Oct

14

Springy Markets, by Nat Stewart

October 14, 2006 |

The other day while otherwise occupied, I found myself straightening a paperclip and wrapping it in a coil pattern around a ball point pen. The end result was a small, impressive looking coil spring.

Pressing it in my fingers a few times, (ok, more than a few) I started thinking about why a coil spring seems able to bounce back from greater pressure than strait wire, or wire bent in other configurations. My thought was, the pressure is more evenly distributed over a larger area, which creates less stress on any specific area, allowing the coil to handle more pressure before permanently deforming. Regardless, this sent me to the internet curious about the mechanics of coil springs.
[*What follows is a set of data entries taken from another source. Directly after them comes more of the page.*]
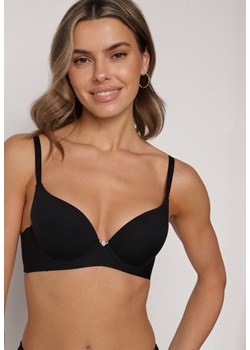 Czarny Gładki Biustonosz Push-up Halilura ze sklepu born2be.pl w kategorii Biustonosze - zdjęcie 188022454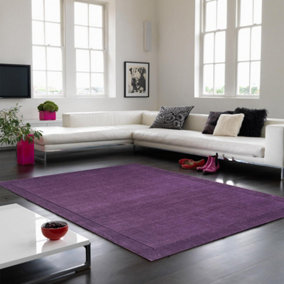 Purple Simple and Stylish Wool Handmade Modern Plain Rug for Living Room and Bedroom-120cm X 170cm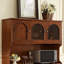 Buffet brun foncé + bois manufacturé + verre-1834161900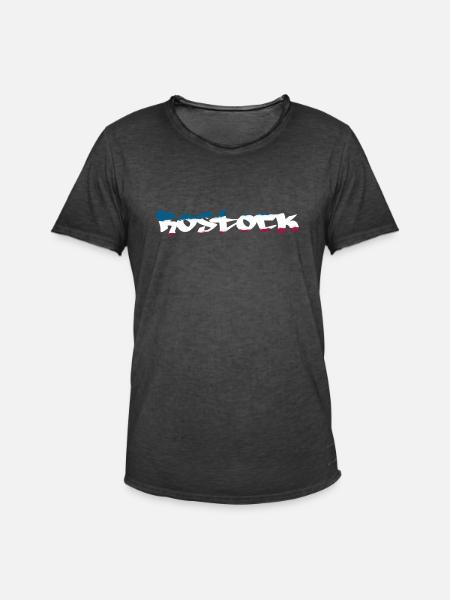 Rostock Graffiti - Männer Vintage T-Shirt - Vintage Schwarz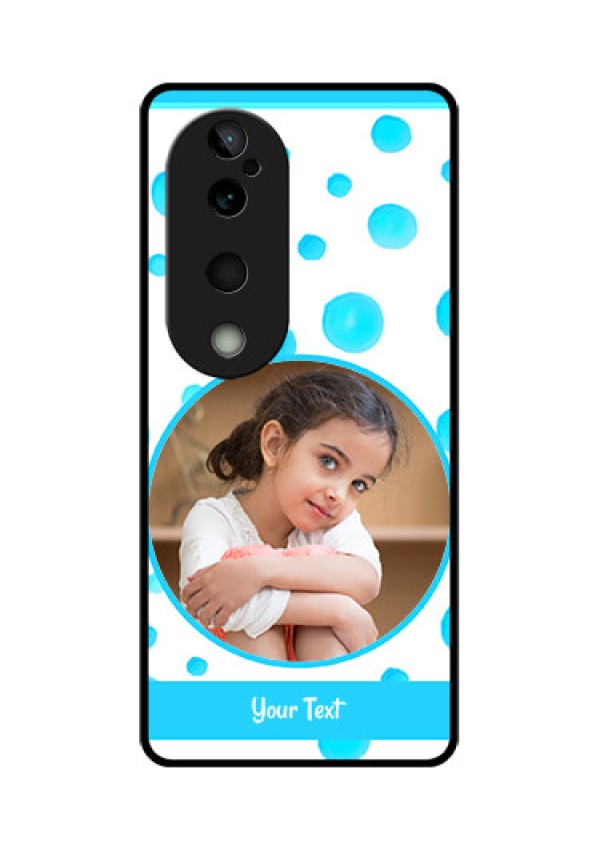 Vivo T3 Ultra Custom Glass Phone CaseBlue Bubbles Pattern Design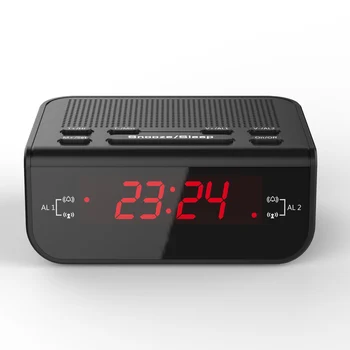 Modernus Dizainas, Kompaktiškas Skaitmeninis Laikrodis-Žadintuvas, FM Radijas su Dual Signalizacijos Sirena Atidėti Miego Funkcija Raudonas LED Ekranas klok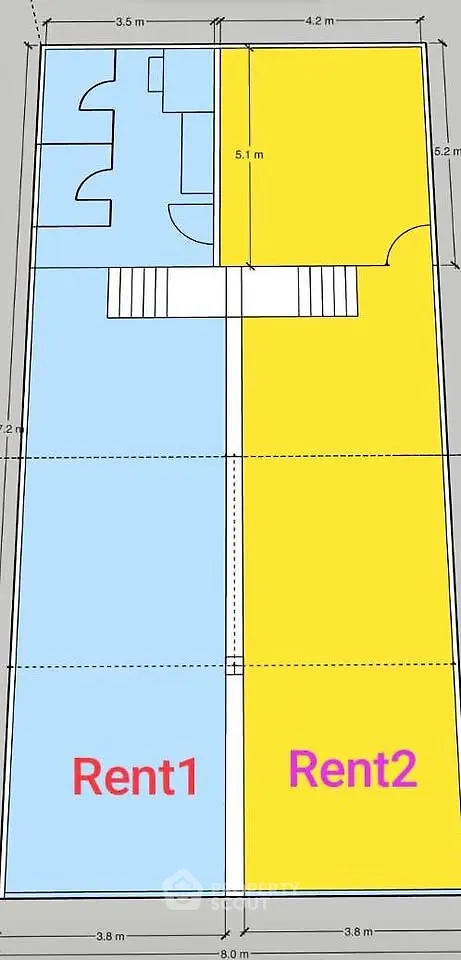 Floor plan showing two rental units with dimensions and layout details.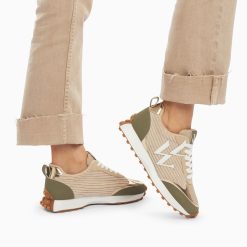 Vanessa Wu Sneakers | Baskets Monogramme Athenais Beige Et Kaki A Semelle Running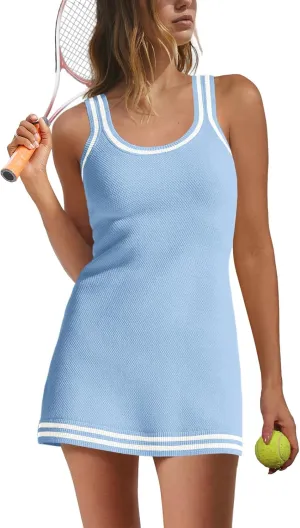 Nirovien Womens Tennis Dress with Shorts Sleeveless Athletic Romper Dress Knit Active Dresses Workout Outfits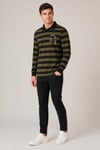 Çizgili Polo Yaka Sweatshirt
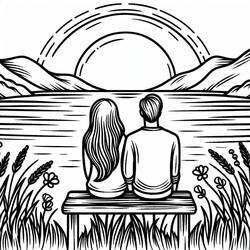 Dibujo para colorear: Puesta de Sol (Naturaleza y Estaciones) #215997 - Dibujos para Colorear e Imprimir Gratis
This leads to Hooke's law which states that the amount by which a material is linearly related to the force causing the deformation. According to Wikipedia:

Hooke's law only holds for some materials under certain loading conditions. Steel exhibits linear-elastic behavior in most engineering applications; Hooke's law is valid for it throughout its elastic range (i.e., for stresses below the yield strength). For some other materials, such as Aluminum, Hooke's law is only valid for a portion of the elastic range. For these materials a proportional limit stress is defined, below which the errors associated with the linear approximation are negligible. Materials such as rubber, for which Hooke's law is never valid, are known as "non-hookean". The stiffness of rubber is not only stress dependent, but is also very sensitive to temperature and loading rate.

What would be the market's elastic range or elastic limit, and how would it be defined? Relative short term highs and lows come to mind. Perhaps distance off a reference point, like the opening range concept, or opening of week, or month, or yesterday's close, or x periods ago. Would the elastic range for markets be different depending upon if the market is being stretched in the direction of long term drift, or in Abelson's direction?

Are the elastic properties of market prices more similar to (using above examples) steel, aluminum, or rubber? If they're like steel or aluminum, how could the useful range appropriate to reversal trading applications be defined? If like rubber, what would be the equivalent of temperature and loading rate? Perhaps interest rates (or change in rates) and a measure of rate of price change?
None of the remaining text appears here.